Received Proposal #5: Qualifications for President including a “natural born Citizen” clause. Received Proposal #6: The Vice-President clause. Received Proposal #7: Advice and Consent of the Senate clause. Received Proposal #8: Opinion in Writing clause. Received Proposal #9: Removal from Office clause.
Approved (7 – 3) to motion to postpone consideration of Proposals #4-9. Connecticut, New Jersey, and Pennsylvania “no.” North Carolina temporarily absent.
#10: Added “and grant letters of marquee and reprisal” to the war powers clause, nem con.
#11: Limited military appropriations to two years, nem con.

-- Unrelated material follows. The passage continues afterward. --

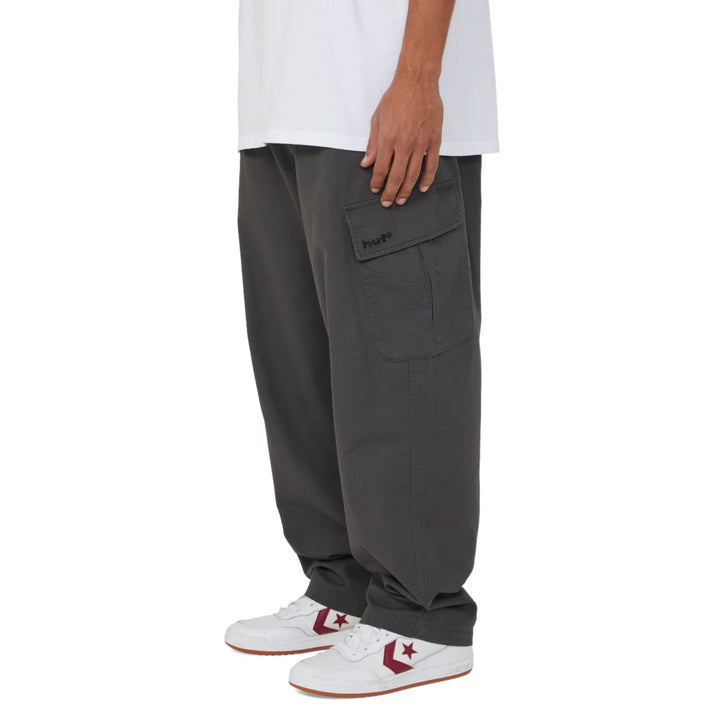 HUF Pretty Baggy Cargos in black cotton with large side pockets and embroidered logo.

#13: Granted exclusive jurisdiction over Federal land to Congress, nem con.
#14: Provided limited patents to promote science and arts, nem con.
Agreed (9 – 2) to postpone Proposal #12 concerning Article IV, Section 5: yet another reconsideration of the money bills “glue”of the Connecticut Compromise.

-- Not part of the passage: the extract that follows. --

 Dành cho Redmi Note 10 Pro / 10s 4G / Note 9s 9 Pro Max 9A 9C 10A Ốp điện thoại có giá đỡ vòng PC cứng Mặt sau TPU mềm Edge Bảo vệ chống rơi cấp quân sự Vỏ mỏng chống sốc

Gerry gave notice that he wanted to reconsider Articles XIX (amending), XX (oath), XXI (ratification), and XXII (blessing of Confederation Congress) of the Committee of Detail Report.
Returned to consideration of the 6 proposals left over from the September 4th submission of 9 proposals by the Brearly Committee (#4, 5, 6, 7, 8, 9).
Extensive discussion of Proposal #4 to amend Article X, Section 1 (election of Executive). Madison “considered it as a primary object to render an eventual resort to any part of the Legislature improbable. Randolph: “We have in some revolutions of this plan made a bold stroke for monarchy. We are now doing the same for an aristocracy.” Defeated several motions concerning the election of the Executive.
Defeated (7 – 3 – 1) motion to overcome non-majoritarian outcomes in the Electoral College in the whole Congress instead of just the Senate.
Defeated (9 – 2) motion to limit choice in the Senate to the top 3 candidates instead of the top 5 candidates.
Agreed to request Congress to pay Convention expenses
Continued discussion of proposal #4 to amend Article X, Section 1 (election of Executive).
Agreed (10 – 1) that the President and Vice-president be elected to a term of four years.
Agreed (10 – 1) after discussion and amending to authorize the Senate to choose the Executive from top 4 candidates.
Agreed (10 – 1) to a motion by Williamson to substitute the House, with voting by states, for the Senate, or the whole Legislature, in electing the Executive from the top 4 candidates in the event of a break down of the Electoral College. Mason liked this move because it reduced “the aristocratic influence of the Senate.”
Agreed Senate shall choose the Vice-president in the event of a tie for the Vice-president.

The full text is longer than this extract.